Work instructions -> Leave every picture out, and retype all the remaining records exactly.

[Extracted data entries]
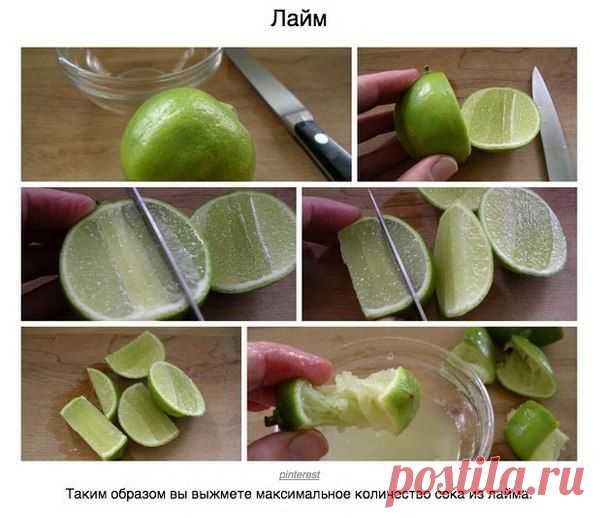 Таким образом можно выжать максимальное количество сока из лайма /  и из лимона/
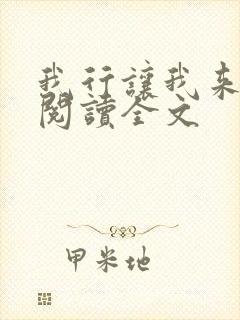 我行让我来免费阅读全文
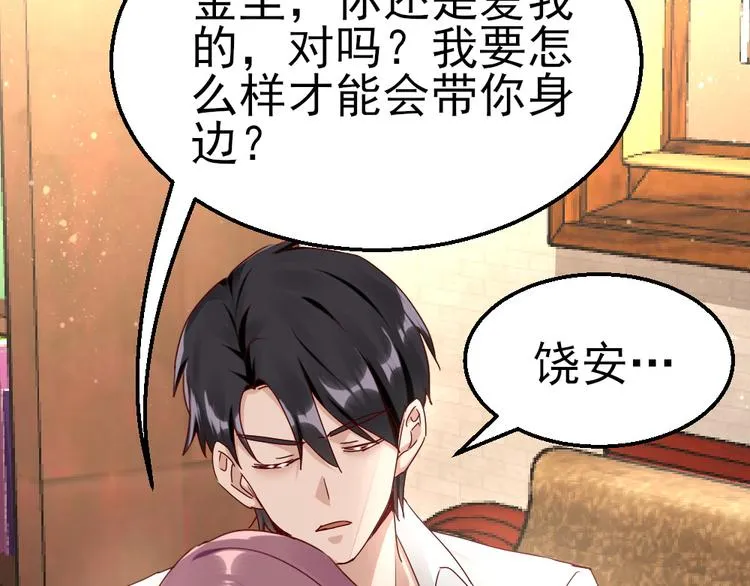 第17话 为妻的霸气 第27页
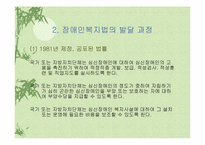 장애인복지법 레포트-4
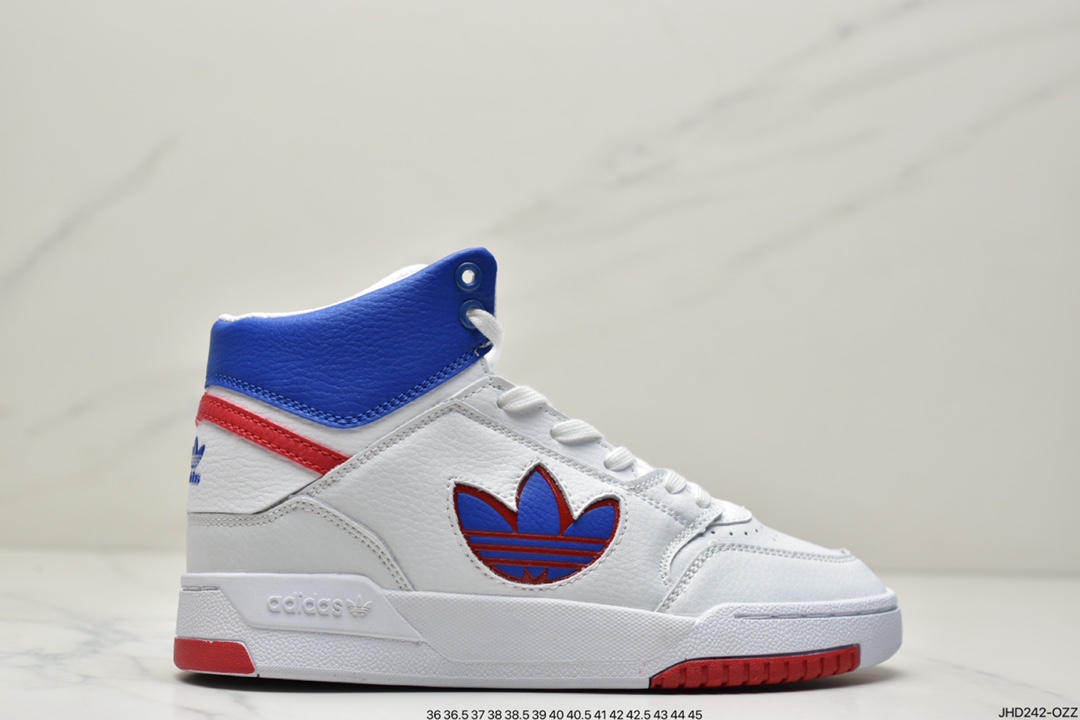 190Adidas Originals 2020 DROP STEP 三叶草新款 FZ3633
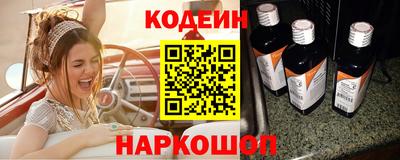 марки lsd Баксан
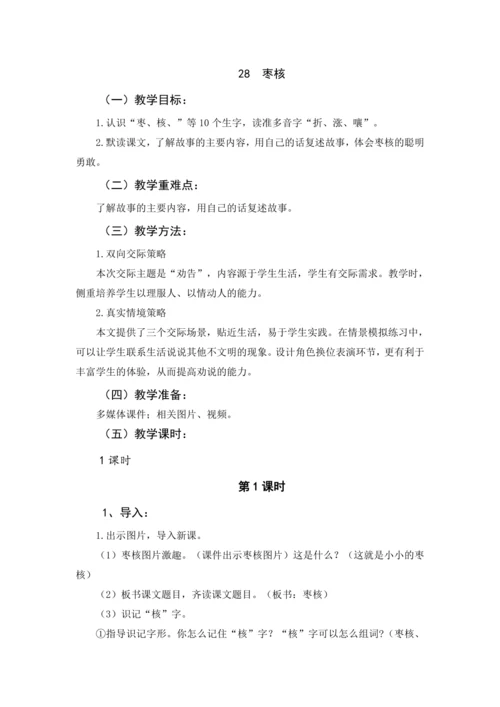 统编版语文三年级下册第八单元 大单元教学设计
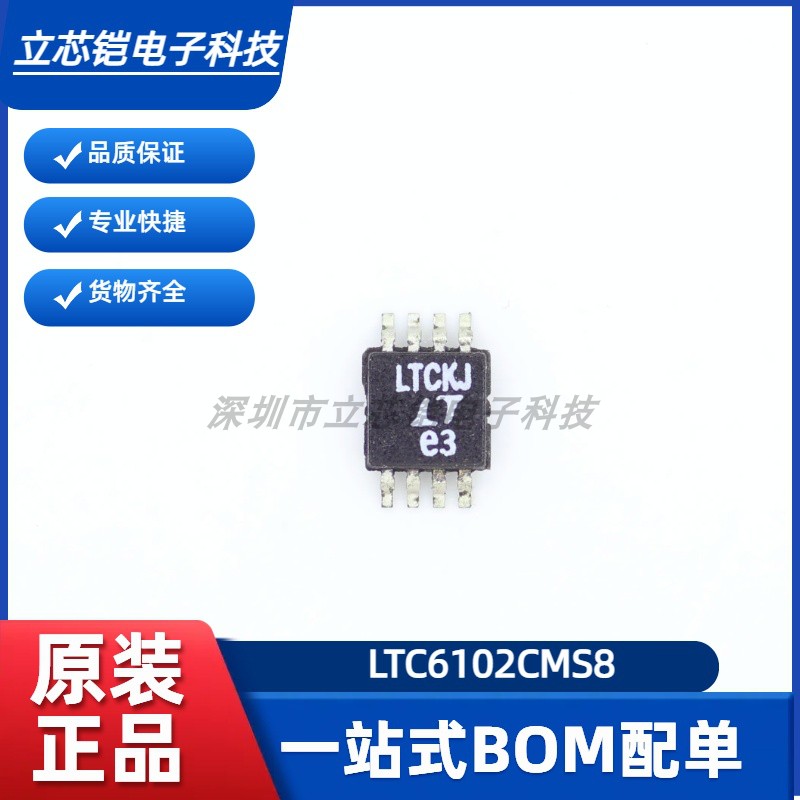 全新原装 LTC6102CMS8 LTC6102IMS8 丝印LTCKJ MSOP-8 进口原装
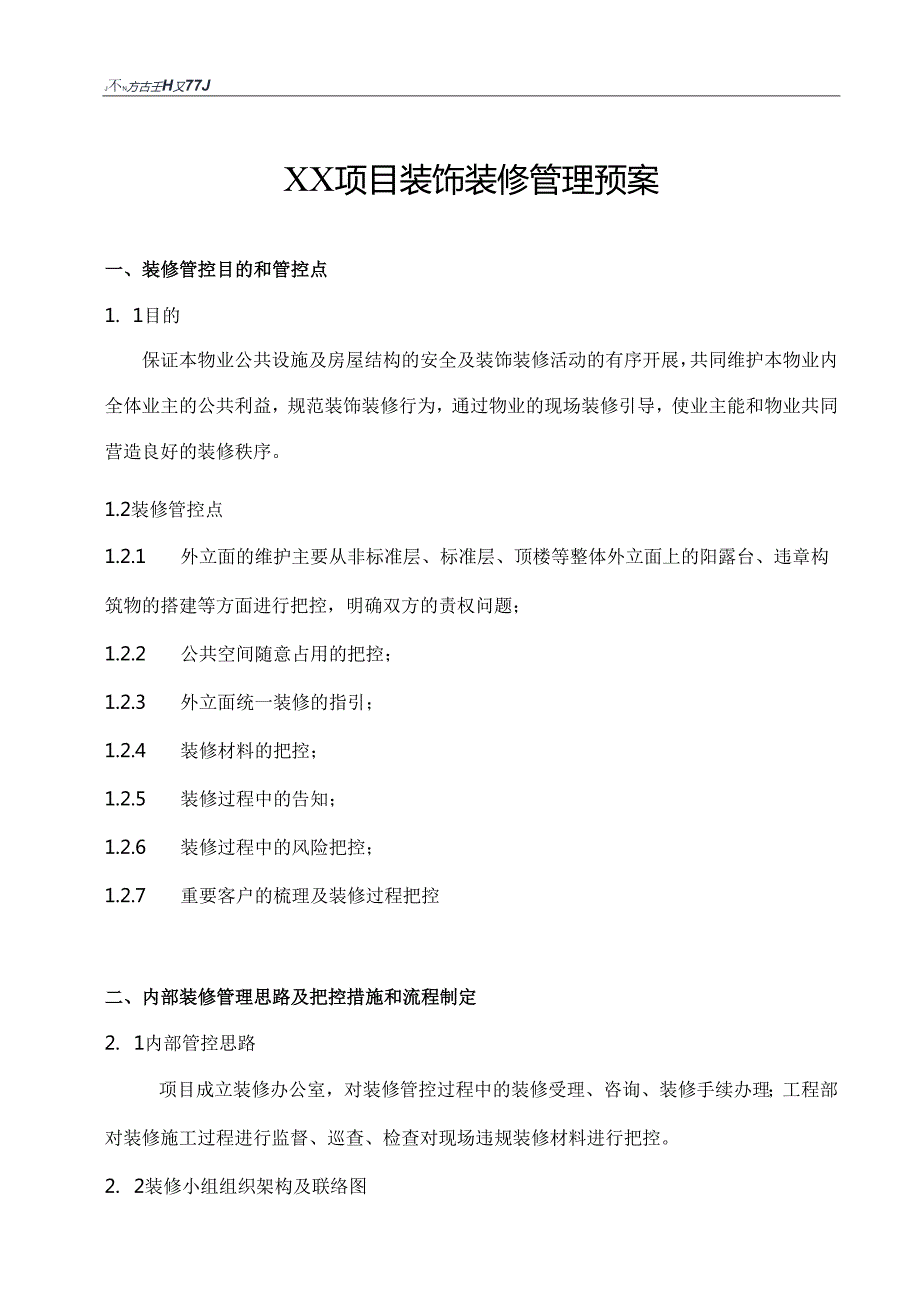 物业装饰装修管理预案.docx_第1页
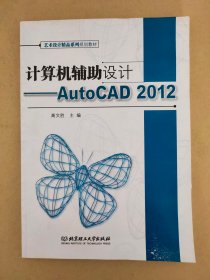 计算机辅助设计：AutoCAD2012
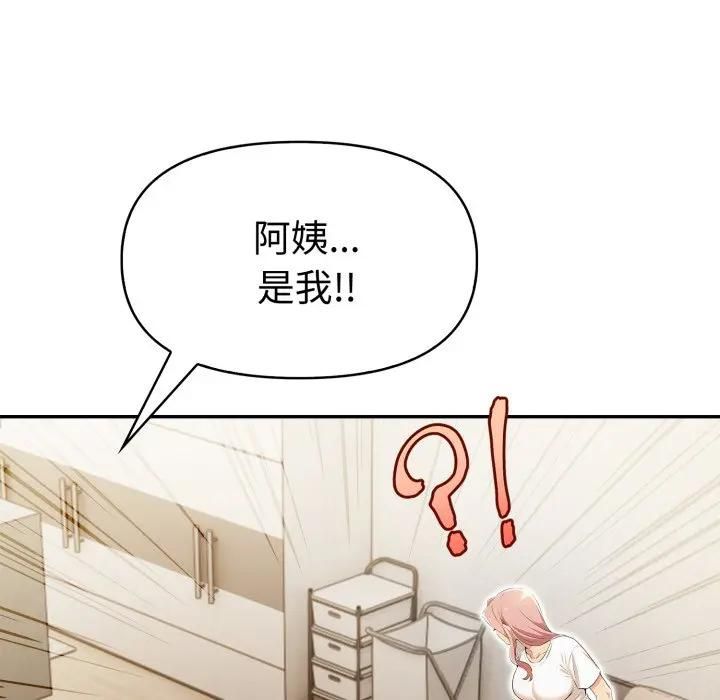 美魔女都爱我第24話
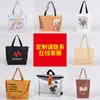 Personalização de Sacolas de Papel DuPont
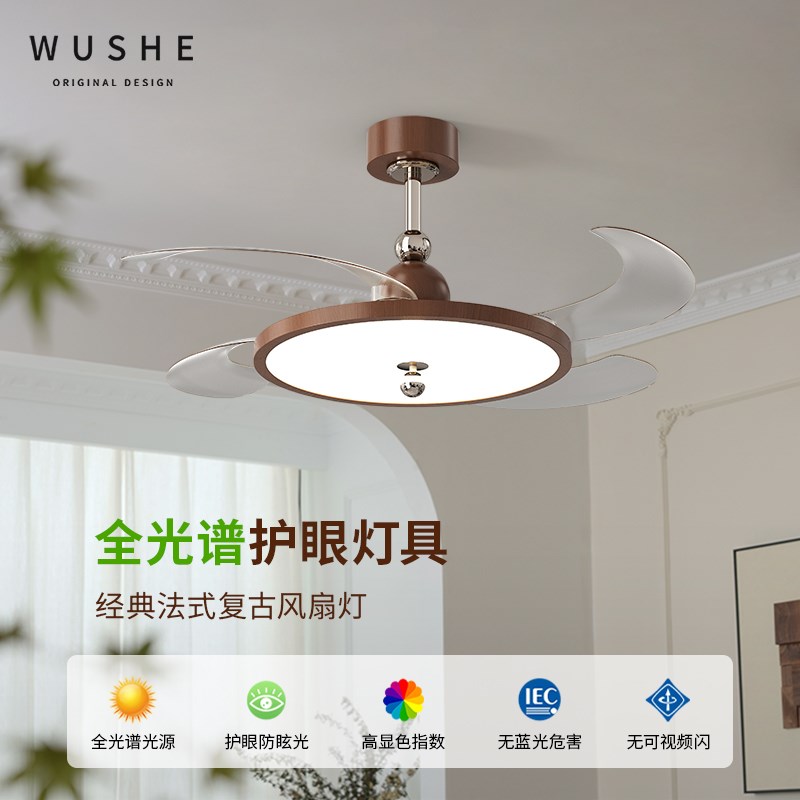 中古风隐形风扇灯法式复古餐厅灯美式新款卧室吸顶灯吊扇一体灯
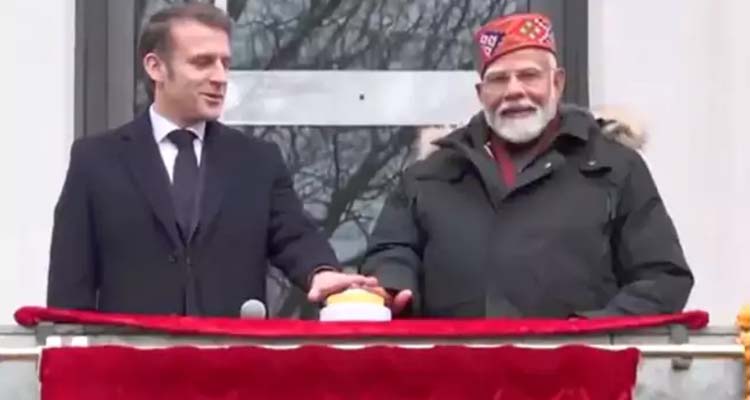 Modi : ఫ్రాన్స్లో భారత నూతన కాన్సులేట్ను ప్రారంభించిన మోదీ Modi : ఫ్రాన్స్లో భారత నూతన కాన్సులేట్ను ప్రారంభించిన మోదీ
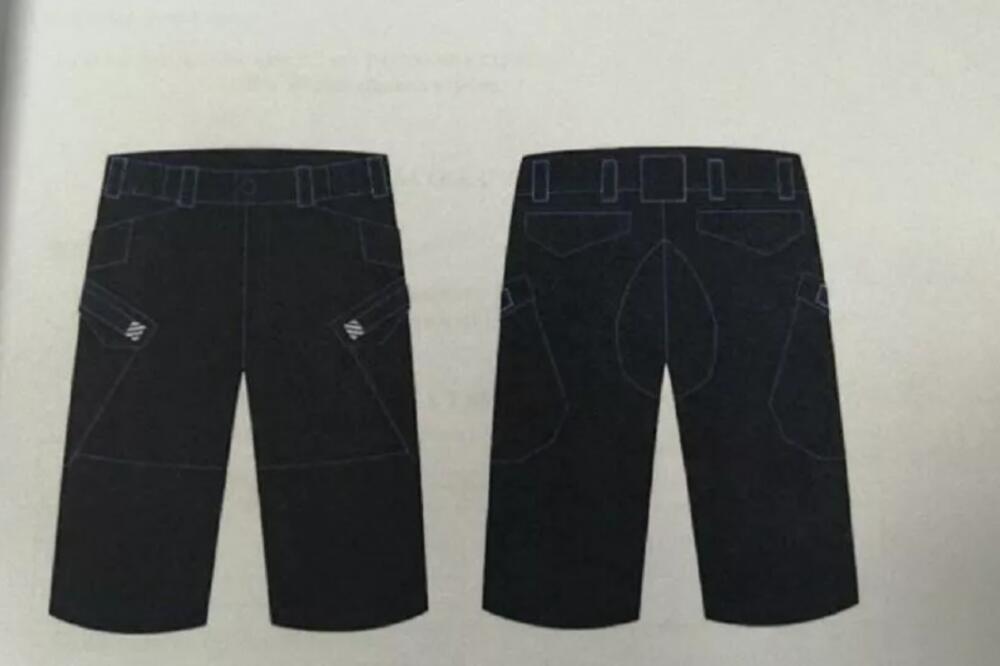 KOMUNALNI MILICIONERI DOBIJAJU NOVU UNIFORMU! Grad Beograd objavio javnu nabavku i to nije sve što kupuje!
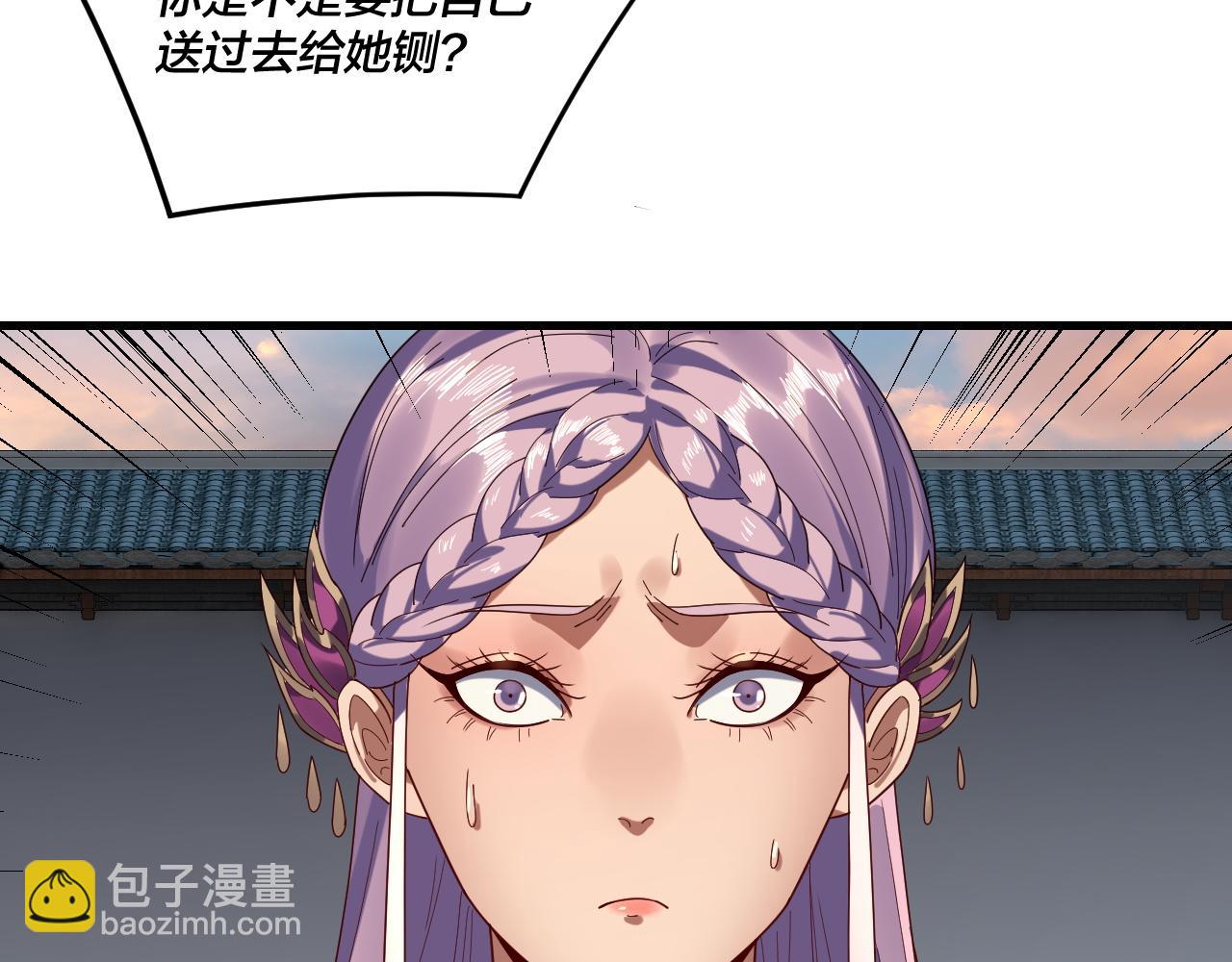 我！天命大反派（隔週雙更） - 第258話 姬家(2/3) - 7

Solution ->
 Таким образом можно выжать максимальное количество сока из лайма /  и из лимона/
 我行让我来免费阅读全文
 第17话 为妻的霸气 第27页
 장애인복지법 레포트-4
 190Adidas Originals 2020 DROP STEP 三叶草新款 FZ3633
 марки lsd Баксан
 统编版语文三年级下册第八单元 大单元教学设计
 全新原装 LTC6102CMS8 LTC6102IMS8 丝印LTCKJ MSOP-8 进口原装
 物业装饰装修管理预案.docx_第1页
 计算机辅助设计：AutoCAD2012
 美魔女都爱我第24話
 Personalização de Sacolas de Papel DuPont
 中古风隐形风扇灯法式复古餐厅灯美式新款卧室吸顶灯吊扇一体灯
 Modi : ఫ్రాన్స్లో భారత నూతన కాన్సులేట్ను ప్రారంభించిన మోదీ Modi : ఫ్రాన్స్లో భారత నూతన కాన్సులేట్ను ప్రారంభించిన మోదీ
 KOMUNALNI MILICIONERI DOBIJAJU NOVU UNIFORMU! Grad Beograd objavio javnu nabavku i to nije sve što kupuje!
 我！天命大反派（隔週雙更） - 第258話 姬家(2/3) - 7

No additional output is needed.